Bug #10058 | ndb_select_count crashes cluster (in dbtup) after system restart | ||
---|---|---|---|
Submitted: | 21 Apr 2005 12:13 | Modified: | 13 Jun 2005 15:02 |
Reporter: | Johan Andersson | Email Updates: | |
Status: | Closed | Impact on me: | |
Category: | MySQL Cluster: Cluster (NDB) storage engine | Severity: | S1 (Critical) |
Version: | 4.1,5.0 | OS: | Linux (RHEL 4 (64-bit opteron)) |
Assigned to: | Jonas Oreland | CPU Architecture: | Any |
[21 Apr 2005 12:13]
Johan Andersson
[21 Apr 2005 12:21]
Johan Andersson
Mailing test program separately due to silly 200K limit.
[21 Apr 2005 12:25]
Johan Andersson
trace
Attachment: ndb_5_dbtup-bug-1-2.zip (application/x-zip-compressed, text), 91.19 KiB.
[21 Apr 2005 12:35]
Johan Andersson
Has the system restart corrupted the data?
[21 Apr 2005 13:56]
Martin Skold
Same crash seen in bug#10001, was this also after a system restart?
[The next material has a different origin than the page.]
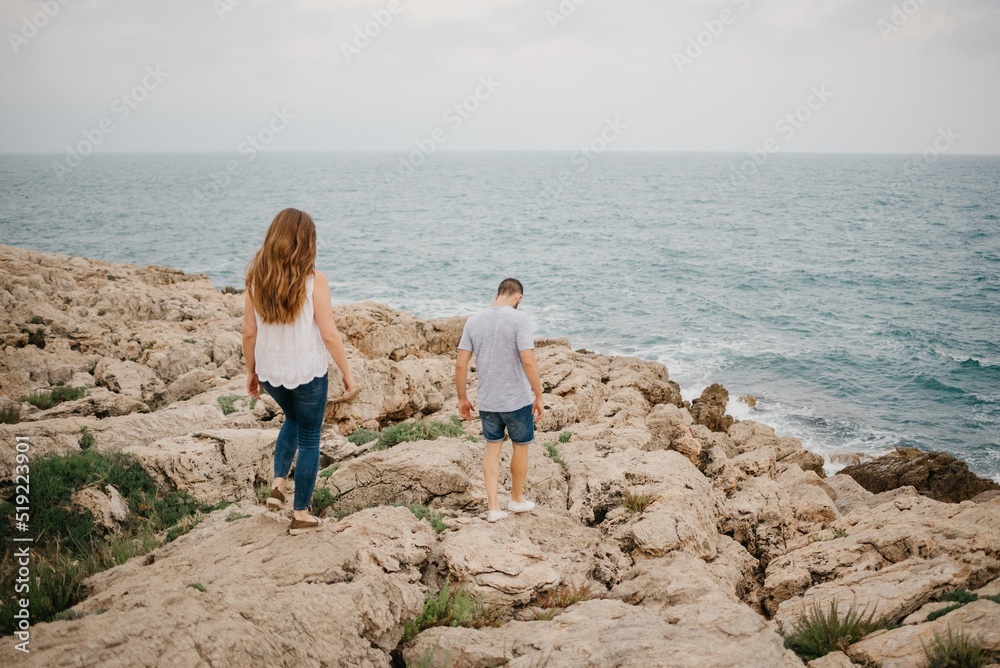 A man and his girlfriend are descending from the rocky hill to the sea in Spain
Date/Time: Thursday 21 April 2005 - 05:37:41 Type of error: error Message: Pointer too large Fault ID: 2306 Problem data: DbtupExecQuery.cpp Object of reference: DBTUP (Line: 604) 0x0000000a ProgramName: /opt/atse/cluster/mysql/bin/ndbd ProcessID: 10876 TraceFile: /opt/atse/cluster/data_ndb/ndb_2_trace.log.1 ***EOM***
[21 Apr 2005 14:19]
Martin Skold
Also is this related to the large number of records? Have you tried with a smaller database?
[21 Apr 2005 14:22]
Martin Skold
} else if ((loopOpPtr.p->optype == ZDELETE) && (loopOpPtr.p->prevActiveOp == RNIL)) { jam(); //---------------------------------------------------------------------- // There was only a delete. The original tuple still is ok. //---------------------------------------------------------------------- } else { jam(); //---------------------------------------------------------------------- // There was another operation after the delete, this must be an insert // and we have found our copy tuple there. //---------------------------------------------------------------------- loopOpPtr.i = loopOpPtr.p->prevActiveOp; ptrCheckGuard(loopOpPtr, cnoOfOprec, operationrec); <== crashes here Could it be that is is a DELETE, but prevActiveOp is not set to RNIL correctly during system restart?
[22 Apr 2005 5:51]
Martin Skold
Need table definition
[22 Apr 2005 8:09]
Johan Andersson
We have reproduced this with 1M rows in db (small) and 50M rows in db (large).
[22 Apr 2005 8:35]
Johan Andersson
Yes it was after a system restart. Is data corrupt is one of the questions...
[9 Jun 2005 5:26]
Jonas Oreland
Pushed to 4.1.13 and 5.0.8
[13 Jun 2005 15:02]
Jon Stephens
Thank you for your bug report. This issue has been addressed in the documentation. The updated documentation will appear on our website shortly, and will be included in the next release of the relevant product(s). Additional info: Documented in Change History for versions 4.1.13, 5.0.8.